«Je crois que tu redeviens la Sally que tu étais. »
J'étais revenue "chez moi" depuis deux semaines, déjà. "Ma chambre" m'apparaissait toujours aussi inconnue. J'avais la sensation d'être dans la chambre d'une étrangère. Et pourtant des photos de mes "amis" et moi arpentaient l'ensemble des murs. J'avais beau fixer ces souvenirs qui appartenaient à la fille que j'étais dans le passé rien ne me revenait.

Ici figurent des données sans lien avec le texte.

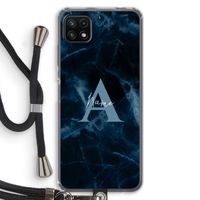 Midnight Marble: Samsung Galaxy A22 5G Transparant Hoesje met koord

Des photos à la plage, des photos dans des montagnes russes, des photos dans mon jardin, des photos devant mon lycée... Et pourtant tout ces visages m'étaient totalement inconnus, tout comme le mien d'ailleurs. On arpentait un sourire éblouissant. Comment avais-je pu oublier tout ces bons moments ? Comment avais-je pu oublier 17 ans de ma vie ? Je secouai la tête, à chaque fois que j'en venais à penser comme ça j'étais prise d'une angoisse abominable.
-Ma chérie ?
Je sursautai, ma mère se tenait dans l'encadrement de ma porte. Je me souvenais encore de sa crise d'hystérie quand elle avait passé la porte de l'hôpital, elle était devenue totalement folle, et depuis elle vivait dans un déni permanent. Pour elle j'étais toujours la même. Pourtant, face à son visage, je ne ressentais aucun sentiment d'amour ou autre.
-Oui ? Demandai-je enfin.
Elle s'approcha de moi avec un délicat sourire. Je me demandai si j'étais proche d'elle avant mon accident, elle semblait si aimante que le contraire m'étonnerait.
-Ton père et moi même aimerions te parler. Annonça t-elle.
Je lui lançai un faible sourire avant de la suivre hors de ma chambre. La porte de ma soeur Cloé était fermée. Nous nous parlions tout les soirs, elle me racontait en long et en large tout un tas de petits anecdotes de notre passé familial, nos vacances, nos bêtises etc. Je prenais en note chacune de ces informations, j'avais l'impression d'apprendre mon passé. Petit à petit je me construisais des souvenirs basé sur des histoires. J'essayai d'imaginer les scènes. J'essayai de me forger une carapace, de remplir ma coquille vide.
Mon père se tenait dans le salon, il me regarda en souriant.-Tu vas bien aujourd'hui Lily ?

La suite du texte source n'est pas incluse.